Aim of the task → Your answer must match, word for word, the lines from the one holding "X0000112490346200909141208" through the final line below, with pictures excluded.

Short text fragments from websites:
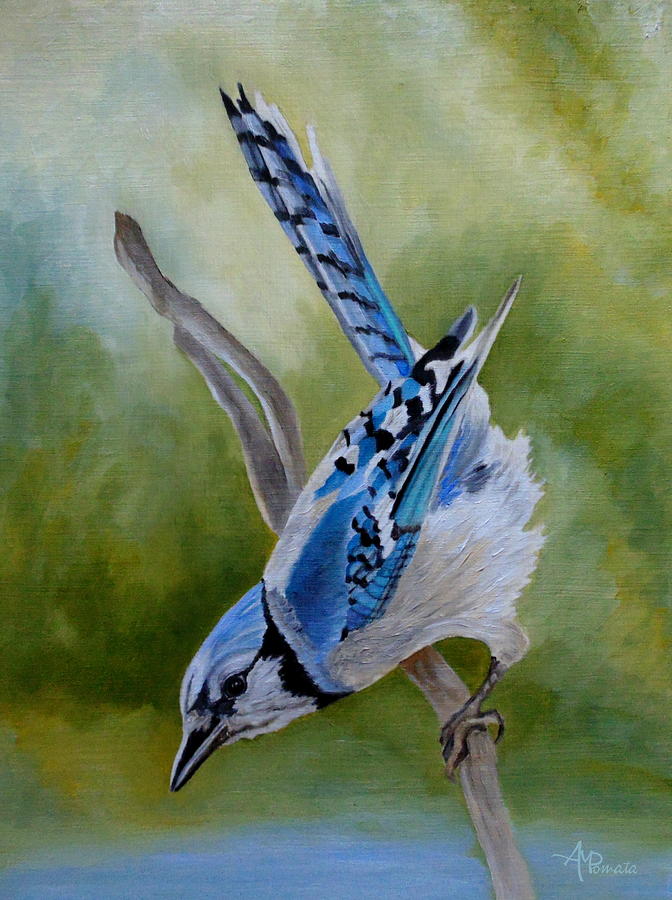Aerialist Blue Jay Painting by Angeles M Pomata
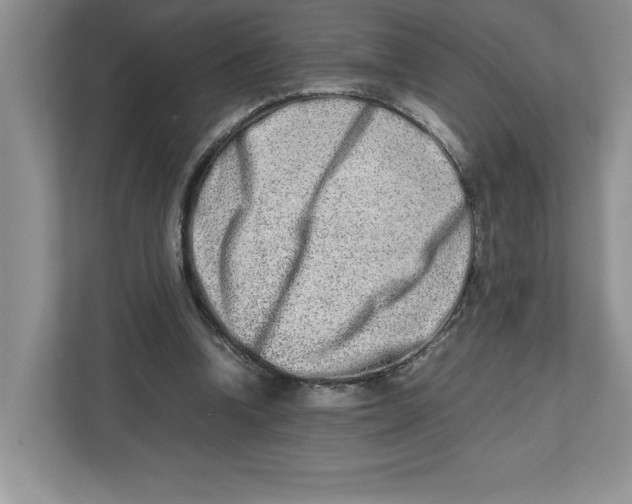 X0000112490346200909141208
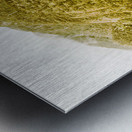 Edge of Wilderness Metal print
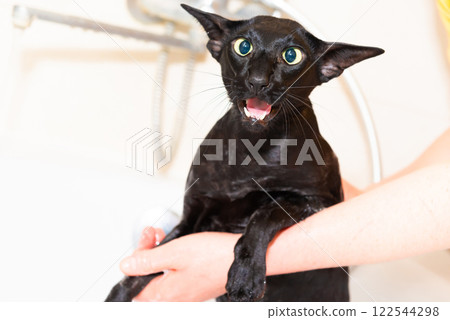 Black oriental cat taking bath 122544298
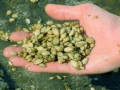 vongole troppo piccole, muoiono prima di crescere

Exercise output →
 X0000112490346200909141208
 Edge of Wilderness Metal print
 Black oriental cat taking bath 122544298
 vongole troppo piccole, muoiono prima di crescere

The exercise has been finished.